「僕が東京に来る時は旅人としてで、ある時ホテルのバーで素晴らしいスイングのジャズが聞こえてきて・・・」と8年前の平岡遊一郎さんとの出会いを紹介される内に軽やかなギターとの掛け合いに発展して行きました。The Thrill Is Gone。
それに続く3曲目もジュリー・ロンドンの曲。Cry Me a River。「・・・3曲の中でこれが一番どろどろしている・・・」と平岡さんが言われた通り、ヴィオラの響きが伝えたのは、訴えても何も応えが返ってこない孤独の中の、地を這う様な声でした。
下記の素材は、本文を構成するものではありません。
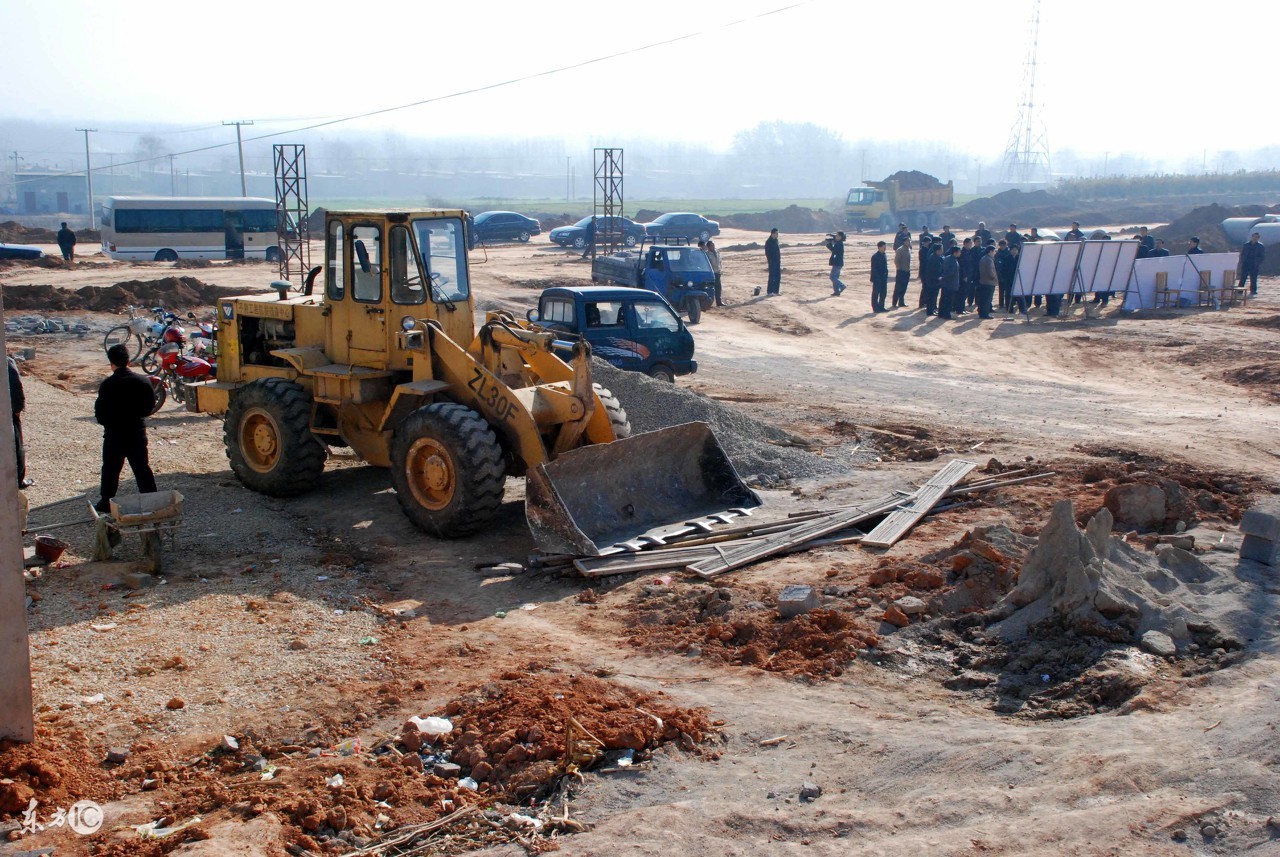 修路占用农村耕地补偿标准哪里查,农村修路占用良田补偿标准是多少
そしてこのあたりから曲風も変わってMoon River。そしてCharade。
「・・・プログラムにジャズ風とあるので、少しは崩してもいいかと・・・」「・・・又、少し前のCMコピーの様に“何も足さない、何もひかない”というのもいいなと思って・・・」という大山さんの語りに続いて、ギターの旋律に導かれ途中から低音のヴィオラに代わっていったDays of Wine and Roses と融通無碍なそのヴァリエーションを聴きながら、聴衆の方々の脳裏にもそれぞれの人生の中の一場面が浮かんできたのではないかと思いました。
後半にかけ、「ジャズ風からジャズへ・・・」との一言がありましたが、始まったのはボサノバの 「イパネマの娘」でした。この曲を聴くとペンシルバニアの高校で一緒に1年間過ごしたブラジルからのAFS 生、Alzira を思わずにはいられません。
“I’m from Brazil, where all the nuts come from.” のフレーズで笑いを取っていた親友。背が高くのんびり屋のラテン人と小柄で生真面目な私。このデコボココンビが現地の友人達を交えて結んだ絆を思うと、今の様な時代にこそAFS 体験が真価を発揮するのだと思わずにはいられません。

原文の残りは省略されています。